WHAT THIS TASK INVOLVES — Please check every line of the listing for "Wall" and copy each line where it is found.

+===+

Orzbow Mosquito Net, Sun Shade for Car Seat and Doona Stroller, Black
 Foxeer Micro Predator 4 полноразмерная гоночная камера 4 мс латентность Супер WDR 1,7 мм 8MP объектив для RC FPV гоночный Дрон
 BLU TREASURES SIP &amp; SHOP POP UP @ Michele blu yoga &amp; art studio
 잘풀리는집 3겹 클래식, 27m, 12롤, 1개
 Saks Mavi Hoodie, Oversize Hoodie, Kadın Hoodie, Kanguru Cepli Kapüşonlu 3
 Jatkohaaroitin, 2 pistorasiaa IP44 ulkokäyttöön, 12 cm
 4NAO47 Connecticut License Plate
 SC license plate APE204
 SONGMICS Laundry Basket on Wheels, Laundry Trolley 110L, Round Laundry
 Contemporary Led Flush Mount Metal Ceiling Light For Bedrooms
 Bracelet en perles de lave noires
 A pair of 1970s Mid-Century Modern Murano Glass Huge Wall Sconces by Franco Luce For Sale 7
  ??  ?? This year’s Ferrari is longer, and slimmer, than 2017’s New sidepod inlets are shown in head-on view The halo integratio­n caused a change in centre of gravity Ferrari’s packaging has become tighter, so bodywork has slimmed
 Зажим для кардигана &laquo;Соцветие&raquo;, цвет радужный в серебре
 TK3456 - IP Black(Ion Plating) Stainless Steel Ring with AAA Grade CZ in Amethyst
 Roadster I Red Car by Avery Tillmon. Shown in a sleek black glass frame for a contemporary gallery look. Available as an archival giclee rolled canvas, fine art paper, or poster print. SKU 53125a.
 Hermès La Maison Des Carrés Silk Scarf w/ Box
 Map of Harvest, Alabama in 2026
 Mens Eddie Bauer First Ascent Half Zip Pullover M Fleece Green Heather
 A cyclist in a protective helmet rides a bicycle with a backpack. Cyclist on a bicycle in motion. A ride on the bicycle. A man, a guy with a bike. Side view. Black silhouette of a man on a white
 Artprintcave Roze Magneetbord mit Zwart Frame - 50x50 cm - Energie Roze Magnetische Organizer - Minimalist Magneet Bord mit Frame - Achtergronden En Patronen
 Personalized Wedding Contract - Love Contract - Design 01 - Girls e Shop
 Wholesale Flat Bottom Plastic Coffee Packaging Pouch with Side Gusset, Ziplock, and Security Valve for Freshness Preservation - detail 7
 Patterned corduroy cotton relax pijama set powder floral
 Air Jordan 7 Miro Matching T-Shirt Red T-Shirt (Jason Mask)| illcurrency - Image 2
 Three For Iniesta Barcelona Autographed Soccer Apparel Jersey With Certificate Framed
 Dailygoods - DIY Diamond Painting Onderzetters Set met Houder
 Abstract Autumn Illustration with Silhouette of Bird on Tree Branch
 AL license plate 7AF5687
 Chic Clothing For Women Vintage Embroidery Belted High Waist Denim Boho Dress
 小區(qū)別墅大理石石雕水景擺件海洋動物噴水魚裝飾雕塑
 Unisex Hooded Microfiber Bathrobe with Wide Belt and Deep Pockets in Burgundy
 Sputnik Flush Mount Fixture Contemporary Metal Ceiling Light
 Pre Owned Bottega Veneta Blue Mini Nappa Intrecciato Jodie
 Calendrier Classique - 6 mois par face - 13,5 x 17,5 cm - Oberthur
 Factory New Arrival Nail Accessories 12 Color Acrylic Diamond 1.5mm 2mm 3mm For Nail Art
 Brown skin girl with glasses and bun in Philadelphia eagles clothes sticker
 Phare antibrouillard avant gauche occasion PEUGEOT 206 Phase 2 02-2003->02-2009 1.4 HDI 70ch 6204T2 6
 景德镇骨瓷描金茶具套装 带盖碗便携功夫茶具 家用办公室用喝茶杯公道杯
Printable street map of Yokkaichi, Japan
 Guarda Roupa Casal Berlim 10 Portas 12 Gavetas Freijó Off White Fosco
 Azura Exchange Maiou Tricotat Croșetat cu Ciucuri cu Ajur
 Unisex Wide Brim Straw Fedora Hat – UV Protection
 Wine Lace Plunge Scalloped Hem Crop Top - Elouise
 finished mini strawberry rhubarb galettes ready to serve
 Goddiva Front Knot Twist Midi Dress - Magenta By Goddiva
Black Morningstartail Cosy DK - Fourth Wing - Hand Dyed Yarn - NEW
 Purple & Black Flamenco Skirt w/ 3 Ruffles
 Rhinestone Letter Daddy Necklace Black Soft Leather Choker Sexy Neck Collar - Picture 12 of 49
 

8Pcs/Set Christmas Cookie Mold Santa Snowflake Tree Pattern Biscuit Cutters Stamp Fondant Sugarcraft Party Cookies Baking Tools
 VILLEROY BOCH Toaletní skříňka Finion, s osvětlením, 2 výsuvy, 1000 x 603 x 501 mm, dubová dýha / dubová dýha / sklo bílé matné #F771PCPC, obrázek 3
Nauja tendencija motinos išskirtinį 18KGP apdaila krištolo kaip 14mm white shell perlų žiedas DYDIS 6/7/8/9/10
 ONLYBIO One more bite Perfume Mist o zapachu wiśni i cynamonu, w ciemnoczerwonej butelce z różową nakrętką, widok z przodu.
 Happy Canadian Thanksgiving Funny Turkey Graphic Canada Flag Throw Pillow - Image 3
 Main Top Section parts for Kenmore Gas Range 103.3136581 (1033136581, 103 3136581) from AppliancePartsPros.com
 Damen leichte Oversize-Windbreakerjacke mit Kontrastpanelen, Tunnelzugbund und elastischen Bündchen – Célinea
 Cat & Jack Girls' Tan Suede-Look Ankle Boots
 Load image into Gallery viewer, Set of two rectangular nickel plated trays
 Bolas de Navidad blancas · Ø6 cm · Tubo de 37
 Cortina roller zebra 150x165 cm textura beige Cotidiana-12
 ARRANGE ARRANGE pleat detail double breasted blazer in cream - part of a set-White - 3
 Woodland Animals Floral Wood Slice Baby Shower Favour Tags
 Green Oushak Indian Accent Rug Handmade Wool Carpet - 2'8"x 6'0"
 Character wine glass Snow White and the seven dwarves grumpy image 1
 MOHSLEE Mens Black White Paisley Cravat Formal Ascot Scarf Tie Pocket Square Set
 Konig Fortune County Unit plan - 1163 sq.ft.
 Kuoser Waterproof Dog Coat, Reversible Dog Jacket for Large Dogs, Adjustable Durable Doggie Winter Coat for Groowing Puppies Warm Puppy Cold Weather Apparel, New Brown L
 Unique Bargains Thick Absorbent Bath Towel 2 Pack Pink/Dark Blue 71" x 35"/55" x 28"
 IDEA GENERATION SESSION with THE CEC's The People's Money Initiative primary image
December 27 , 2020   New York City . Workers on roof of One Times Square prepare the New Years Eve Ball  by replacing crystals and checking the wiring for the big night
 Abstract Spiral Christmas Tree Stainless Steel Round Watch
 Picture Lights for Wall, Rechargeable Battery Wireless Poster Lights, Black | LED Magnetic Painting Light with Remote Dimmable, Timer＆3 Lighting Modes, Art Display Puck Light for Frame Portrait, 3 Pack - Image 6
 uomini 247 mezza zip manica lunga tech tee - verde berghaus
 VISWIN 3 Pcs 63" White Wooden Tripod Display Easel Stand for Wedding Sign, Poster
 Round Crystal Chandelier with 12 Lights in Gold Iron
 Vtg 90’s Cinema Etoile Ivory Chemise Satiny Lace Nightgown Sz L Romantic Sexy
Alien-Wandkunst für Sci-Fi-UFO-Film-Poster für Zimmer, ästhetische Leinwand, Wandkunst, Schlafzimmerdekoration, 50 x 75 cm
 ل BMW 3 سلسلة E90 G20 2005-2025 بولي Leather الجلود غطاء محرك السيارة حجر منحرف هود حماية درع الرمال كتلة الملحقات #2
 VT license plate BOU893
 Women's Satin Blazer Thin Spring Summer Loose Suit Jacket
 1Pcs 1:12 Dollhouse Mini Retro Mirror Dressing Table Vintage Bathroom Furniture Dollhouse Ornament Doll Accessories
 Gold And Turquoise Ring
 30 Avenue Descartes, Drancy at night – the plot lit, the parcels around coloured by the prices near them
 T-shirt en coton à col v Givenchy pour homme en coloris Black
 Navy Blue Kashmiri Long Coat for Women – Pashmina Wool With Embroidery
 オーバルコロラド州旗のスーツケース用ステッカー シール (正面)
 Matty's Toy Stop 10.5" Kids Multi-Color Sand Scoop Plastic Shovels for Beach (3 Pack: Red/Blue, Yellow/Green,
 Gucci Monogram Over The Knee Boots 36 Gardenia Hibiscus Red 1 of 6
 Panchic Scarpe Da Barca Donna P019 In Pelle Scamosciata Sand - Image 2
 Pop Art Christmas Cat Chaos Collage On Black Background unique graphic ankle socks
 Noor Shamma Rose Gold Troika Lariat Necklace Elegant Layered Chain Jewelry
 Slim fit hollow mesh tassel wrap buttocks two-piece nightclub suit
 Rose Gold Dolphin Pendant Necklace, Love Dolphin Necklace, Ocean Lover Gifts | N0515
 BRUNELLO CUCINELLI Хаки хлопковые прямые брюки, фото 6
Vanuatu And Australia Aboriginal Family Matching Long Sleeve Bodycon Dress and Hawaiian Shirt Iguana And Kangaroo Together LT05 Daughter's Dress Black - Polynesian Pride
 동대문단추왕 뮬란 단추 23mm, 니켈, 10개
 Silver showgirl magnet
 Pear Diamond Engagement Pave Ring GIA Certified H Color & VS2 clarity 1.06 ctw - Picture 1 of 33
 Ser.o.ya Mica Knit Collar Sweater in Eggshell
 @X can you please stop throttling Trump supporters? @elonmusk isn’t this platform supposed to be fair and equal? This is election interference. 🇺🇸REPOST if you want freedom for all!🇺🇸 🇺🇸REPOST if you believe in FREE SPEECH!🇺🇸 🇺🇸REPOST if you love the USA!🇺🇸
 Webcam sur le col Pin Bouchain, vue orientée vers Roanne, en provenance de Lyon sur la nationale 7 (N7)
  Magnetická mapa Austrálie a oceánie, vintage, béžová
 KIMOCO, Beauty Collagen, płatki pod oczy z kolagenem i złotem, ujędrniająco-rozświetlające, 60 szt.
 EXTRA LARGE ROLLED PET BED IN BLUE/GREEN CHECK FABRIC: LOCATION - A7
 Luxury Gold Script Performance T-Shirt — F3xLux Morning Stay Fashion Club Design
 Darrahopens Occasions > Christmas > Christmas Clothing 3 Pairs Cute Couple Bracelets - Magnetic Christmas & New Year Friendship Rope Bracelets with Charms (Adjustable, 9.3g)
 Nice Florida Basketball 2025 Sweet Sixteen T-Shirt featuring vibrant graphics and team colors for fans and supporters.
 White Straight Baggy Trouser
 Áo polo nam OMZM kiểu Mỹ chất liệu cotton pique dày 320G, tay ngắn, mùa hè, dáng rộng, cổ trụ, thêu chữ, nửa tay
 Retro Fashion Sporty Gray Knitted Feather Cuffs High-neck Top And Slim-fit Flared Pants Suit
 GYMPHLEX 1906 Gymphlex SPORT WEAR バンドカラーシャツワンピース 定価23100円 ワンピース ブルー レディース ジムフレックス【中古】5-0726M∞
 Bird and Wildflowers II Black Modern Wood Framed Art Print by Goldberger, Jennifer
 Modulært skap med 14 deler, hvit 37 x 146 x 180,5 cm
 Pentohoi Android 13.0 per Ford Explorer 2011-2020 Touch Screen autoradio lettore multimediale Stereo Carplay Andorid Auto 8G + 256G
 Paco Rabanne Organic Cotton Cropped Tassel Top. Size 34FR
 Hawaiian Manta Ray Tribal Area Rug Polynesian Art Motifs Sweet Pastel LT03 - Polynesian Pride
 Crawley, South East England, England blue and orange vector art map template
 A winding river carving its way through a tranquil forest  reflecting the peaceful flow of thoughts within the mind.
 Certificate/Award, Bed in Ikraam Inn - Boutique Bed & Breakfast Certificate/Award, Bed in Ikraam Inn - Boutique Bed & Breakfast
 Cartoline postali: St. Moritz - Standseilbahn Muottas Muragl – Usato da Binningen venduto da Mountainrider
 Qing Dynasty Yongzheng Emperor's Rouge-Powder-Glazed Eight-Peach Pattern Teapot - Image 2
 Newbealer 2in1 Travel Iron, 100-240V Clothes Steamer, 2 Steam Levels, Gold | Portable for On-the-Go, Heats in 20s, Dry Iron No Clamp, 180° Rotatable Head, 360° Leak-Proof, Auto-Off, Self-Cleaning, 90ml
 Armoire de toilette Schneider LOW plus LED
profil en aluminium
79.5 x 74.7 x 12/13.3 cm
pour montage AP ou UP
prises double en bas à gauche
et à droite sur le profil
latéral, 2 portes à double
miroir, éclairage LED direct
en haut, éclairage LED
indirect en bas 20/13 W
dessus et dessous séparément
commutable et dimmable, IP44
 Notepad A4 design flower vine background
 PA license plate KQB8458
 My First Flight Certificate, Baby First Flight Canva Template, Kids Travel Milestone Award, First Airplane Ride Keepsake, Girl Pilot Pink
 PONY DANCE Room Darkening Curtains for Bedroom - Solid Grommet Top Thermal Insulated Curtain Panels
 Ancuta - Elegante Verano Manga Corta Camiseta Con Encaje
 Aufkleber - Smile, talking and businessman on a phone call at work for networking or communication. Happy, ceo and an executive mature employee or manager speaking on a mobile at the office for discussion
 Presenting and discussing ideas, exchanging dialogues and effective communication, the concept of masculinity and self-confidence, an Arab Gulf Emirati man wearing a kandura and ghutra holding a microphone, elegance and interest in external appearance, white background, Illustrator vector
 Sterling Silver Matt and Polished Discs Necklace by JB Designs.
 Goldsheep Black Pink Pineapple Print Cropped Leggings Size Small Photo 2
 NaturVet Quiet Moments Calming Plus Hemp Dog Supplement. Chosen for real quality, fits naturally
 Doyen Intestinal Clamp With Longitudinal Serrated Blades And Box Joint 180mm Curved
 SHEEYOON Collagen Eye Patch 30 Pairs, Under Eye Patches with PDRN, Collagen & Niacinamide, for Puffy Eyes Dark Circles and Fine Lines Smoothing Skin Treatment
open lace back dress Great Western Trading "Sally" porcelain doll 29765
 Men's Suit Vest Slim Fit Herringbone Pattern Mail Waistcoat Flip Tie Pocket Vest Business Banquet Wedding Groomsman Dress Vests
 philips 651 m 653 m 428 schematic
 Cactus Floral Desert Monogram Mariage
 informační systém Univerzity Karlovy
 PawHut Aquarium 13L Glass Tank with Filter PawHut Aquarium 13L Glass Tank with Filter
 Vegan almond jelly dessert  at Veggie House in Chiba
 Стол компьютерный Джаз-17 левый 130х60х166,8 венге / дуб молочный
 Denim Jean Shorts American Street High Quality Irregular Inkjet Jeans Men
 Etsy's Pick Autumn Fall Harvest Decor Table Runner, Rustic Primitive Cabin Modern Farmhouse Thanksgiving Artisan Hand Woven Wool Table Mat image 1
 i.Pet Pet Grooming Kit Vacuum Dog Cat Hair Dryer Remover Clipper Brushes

+===+

YOUR SOLUTION —
 A pair of 1970s Mid-Century Modern Murano Glass Huge Wall Sconces by Franco Luce For Sale 7
 Picture Lights for Wall, Rechargeable Battery Wireless Poster Lights, Black | LED Magnetic Painting Light with Remote Dimmable, Timer＆3 Lighting Modes, Art Display Puck Light for Frame Portrait, 3 Pack - Image 6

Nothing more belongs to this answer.